Anti Rootkit Blog

F-Secure have reported in their blog today that a rootkit called Haxdoor is being used to retrieve users bank details, passwords, pin codes, etc. It hooks HTTP functionality, redirects traffic, steals private information, and transmits the stolen data to a web-server controlled by the attacker.

The Haxdoor rootkit can grab the information before it is encrypted and sent to the Bank’s website and the computer user is none the wiser of the actions of the rootkit. Haxdoor then sends the information to the attacker.

Keep Safe

regards
Steo
www.antirootkit.com

F-Secure have reported in their blog recently that a German version of the DVD film Mr & Mrs Smith starring Brad Pitt and Angelina Jolie contains copy protection that uses stealth techniques.

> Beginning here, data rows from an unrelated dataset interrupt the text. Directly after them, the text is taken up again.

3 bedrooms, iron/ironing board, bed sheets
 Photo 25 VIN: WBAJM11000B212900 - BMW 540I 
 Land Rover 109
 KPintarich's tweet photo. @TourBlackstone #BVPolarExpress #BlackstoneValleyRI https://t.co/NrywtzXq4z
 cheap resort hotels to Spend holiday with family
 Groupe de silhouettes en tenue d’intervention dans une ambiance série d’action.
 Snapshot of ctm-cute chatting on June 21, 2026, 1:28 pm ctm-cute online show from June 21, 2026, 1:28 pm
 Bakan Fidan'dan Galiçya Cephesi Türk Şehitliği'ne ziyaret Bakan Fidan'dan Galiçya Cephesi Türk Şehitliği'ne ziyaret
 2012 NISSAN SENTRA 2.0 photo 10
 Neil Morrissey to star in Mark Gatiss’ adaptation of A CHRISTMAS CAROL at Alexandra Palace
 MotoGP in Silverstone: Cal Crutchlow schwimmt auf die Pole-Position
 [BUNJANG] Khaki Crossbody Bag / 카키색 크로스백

The DVD uses copy protection from Settec called Alpha-DVD which stops users from copying the DVD. Settec have made an uninstaller available. The F-Secure blog shows how Blacklight found a file called wtsap32.exe which was a hidden service. No files were been hidden which makes the rootkit a bit less dangerous. If it was able to hide files it could then have been used by criminals to hide their own files using the rootkit.

It is amazing to see companies still using techniques like this, especially after the Sony rootkit debacle that hurt their customer base and was a public relations nightmare.

The German edition of the DVD seems to be the only one affected.

Keep Safe

regards
Steo
www.antirootkit.com

The US Department of Homeland Security has that the use of rootkit’s with commercial software will have to stop or else it will be regulated by the government. He spoke in particular about the Sony rootkit debacle which shows the extent to which the fiasco has had on consumers and worldwide attention.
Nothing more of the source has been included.